Você escreve um pouco todos os dias ou em períodos concentrados? Você tem uma meta de escrita diária?
Não tenho uma meta diária porque não sou escritora nem produzo nada muito extenso – sou redatora de textos curtos e revisora. Diria uma semiescritora, ou, como falava meu pai: ‘uma revisora, aquela escritora malresolvida…’. Será?
Pelo fato de meu dia a dia ser atribuladíssimo – são por minha conta casa, comida e roupa lavada -, os textos encomendados são escritos de uma vez: sento-me, me concentro e escrevo – sempre cumprindo os prazos. Agora, minhas crônicas, que dispensam a obrigação de serem escritas um pouco por dia já que são curtas, escrevo-as à noite, sempre que tenho material suficiente para completá-las.
Como é o seu processo de escrita? Uma vez que você compilou notas suficientes, é difícil começar? Como você se move da pesquisa para a escrita?
Espero um momento da noite em que estou menos atarefada, uma vez que não consigo fazer várias coisas ao mesmo tempo. De preferência, ouvindo música e sozinha – na solidão total mesmo.
Prefiro terminá-la na mesma noite, sem períodos de marinação. No entanto, apenas começo a escrever depois de muito ler/ouvir fontes sobre o assunto/tema – que vão de músicas, imagens de obras de arte (pintura, escultura, filmes) etc.
Reúno todas as informações/impressões e, só assim, mergulho fundo, numa única apneia.
Como você lida com as travas da escrita, como a procrastinação, o medo de não corresponder às expectativas e a ansiedade de trabalhar em projetos longos?
Com os textos sob encomenda, procuro não procrastinar. Tento me concentrar ao máximo, pois sempre há prazo de entrega. Geralmente escrevo textos para sites – que não costumam ser longos, o que dá um certo alívio.
Quantas vezes você revisa seus textos antes de sentir que eles estão prontos? Você mostra seus trabalhos para outras pessoas antes de publicá-los?
Embora revisora, sempre peço a algum amigo ler antes de publicar (humildade é tudo, inclusive entre revisores – categoria que, muitas vezes, se vê como dona da verdade absoluta e mandatária de todas as regras), seja algum texto encomendado, sejam minhas crônicas despretensiosas as quais publico em um blog particular.
Como é sua relação com a tecnologia? Você escreve seus primeiros rascunhos à mão ou no computador?
Todos os textos, profissionais ou não, são esboçados e passados a limpo no papel. Apenas depois de tê-los findado, digito, ao mesmo tempo em que faço a revisão final.
De onde vêm suas ideias? Há um conjunto de hábitos que você cultiva para se manter criativa?

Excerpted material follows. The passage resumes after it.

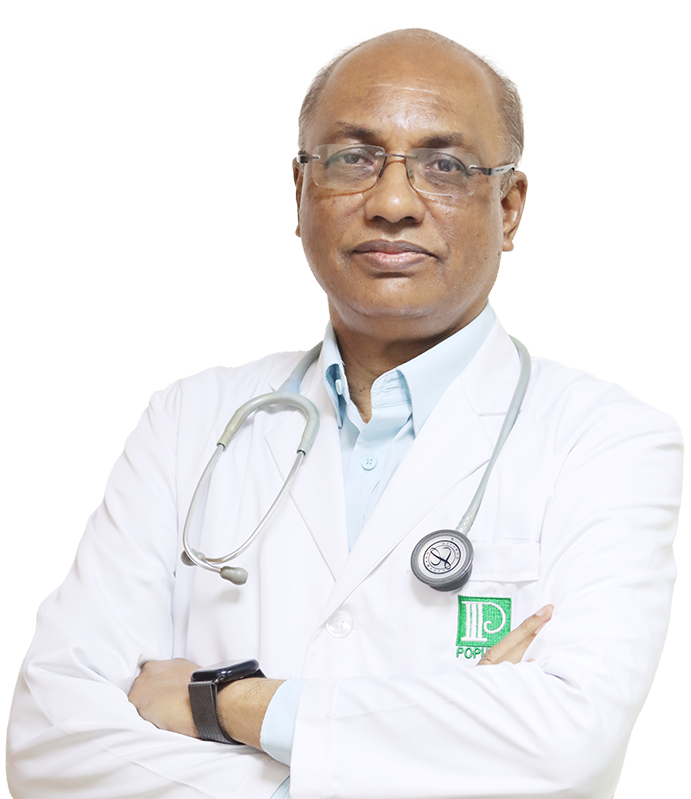 Prof. Dr. Md. Hafizur Rahman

Minhas ideias vêm, principalmente, das ruas, das pessoas nas/das ruas, até das edificações – principalmente das antigas, dos bairros centrais da minha cidade: fico imaginando quem as construiu, quem ali viveu, como se comportavam à época… Ouço muito as pessoas, curto demais escutar suas histórias, experiências, desabafos.
Um dos meus lugares favoritos para ouvir esses falatórios é o terminal rodoviário – na verdade, qualquer terminal rodoviário, de qualquer cidade. É sempre um local que, por ser ‘provisório’, passageiro, guarda ansiedades de toda sorte: desilusões, esperanças, expectativas, ideias de recomeço ou de término.

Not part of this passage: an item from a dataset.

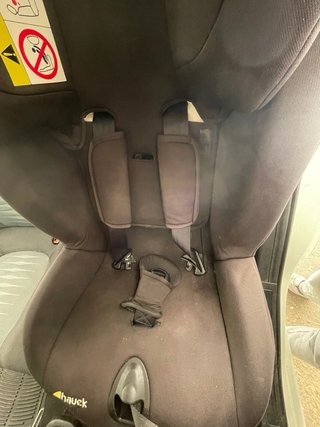 Seggiolino Auto Hauck Varioguard Plus 0-4 anni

Muitas vezes puxo um assunto aleatório e, junto, a língua da pessoa; outras vezes, escuto diálogos ‘na moita’, e até monólogos de alguém sozinho, deslocado da realidade, já conformado com a solidão, mesmo estando em um lugar tão movimentado. Para esse alguém, certamente, tal lugar transitório se tornou seu ponto fixo, um quase-lar. Infelizmente.
Tenho o hábito/vício de ouvir música. Sou fissurada em música. Ouço desde manhã até término do dia. Amo, inclusive, a palavra Música. É bom de ser ouvir o som dessa palavra, de se escrever essa palavra; e de se escrever qualquer coisa enquanto a ouve. Mas não qualquer música. Refiro-me à música que inspira, à música que vivifica, à música que sara: música-poesia, música que faz sentido, que tem razão de existir. Música que faz você pensar: ‘puxa, ainda bem que ela nasceu’. Não aquela que você pensa: ‘puxa, o mundo já estava tão pesado sem ela; com ela, então, socorro…’

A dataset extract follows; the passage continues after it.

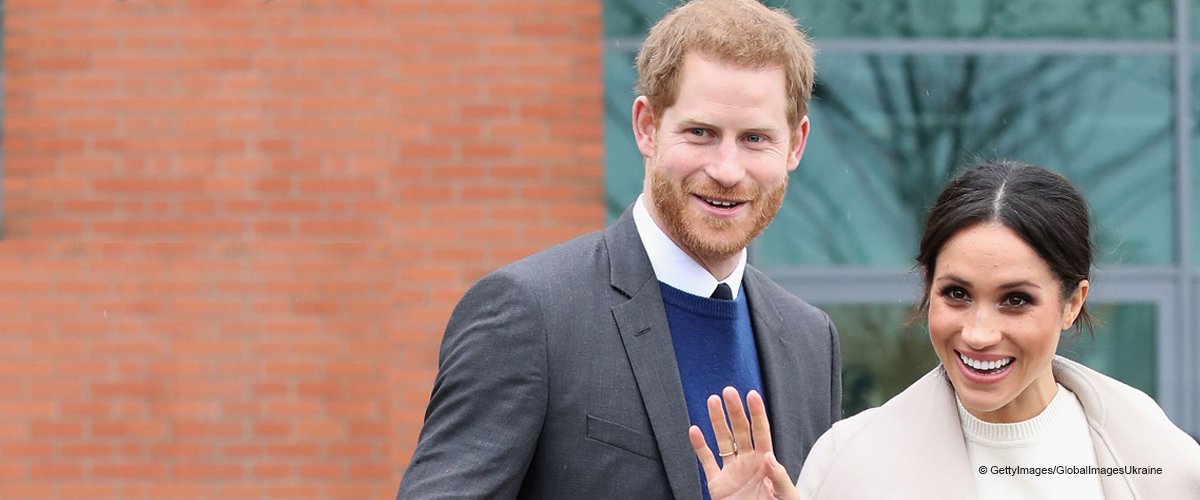 Meghan und Harry trennen sich offiziell von Kate und William, für eigenen königlichen Haushalt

O que você acha que mudou no seu processo de escrita ao longo dos anos? O que você diria a si mesma se pudesse voltar à escrita de seus primeiros textos?
Comecei a escrever profissionalmente textos publicitários há pouco tempo – uns três anos atrás – momento em que as contas começaram a não fechar como deveriam. Foi no susto. Essa calamidade financeira teve seu lado positivo, já que as contas não deixam de chegar, fazendo-me praticar a escrita cada vez mais – quase sempre a prática leva ao progresso, não é mesmo?
Quanto ao que diria a mim mesma se pudesse voltar no tempo, seria: ‘Juliana, perceba mais; fale menos’. Acho que o segredo para se escrever melhor é perceber o mundo. Dar ouvidos ao mundo. Ouvir é sempre melhor que falar.
Que projeto você gostaria de fazer, mas ainda não começou? Que livro você gostaria de ler e ele ainda não existe?
Pretendo escrever um livro – uma espécie de diário – sobre como passei meus dias em confinamento. Quero ilustrá-lo com as imagens das obras de arte que recriei – e ainda recrio – durante o claustro.
Gostaria muitíssimo de ler o livro que será escrito por uma menina catadora de material reciclável, que vê o mundo em movimento, do alto de um amontoado de papelão, puxando por uma carroça. Espero que essa menina não tenha medo de conclui-lo, apesar de o ensino público deixar a desejar, apesar da tristeza que carrega por não ter a quem dedicá-lo, apesar de pensar que não terá roupa adequada para vestir no dia do lançamento.
Essa menina é real. Inclusive, sua vontade de ser escritora. Ainda bem.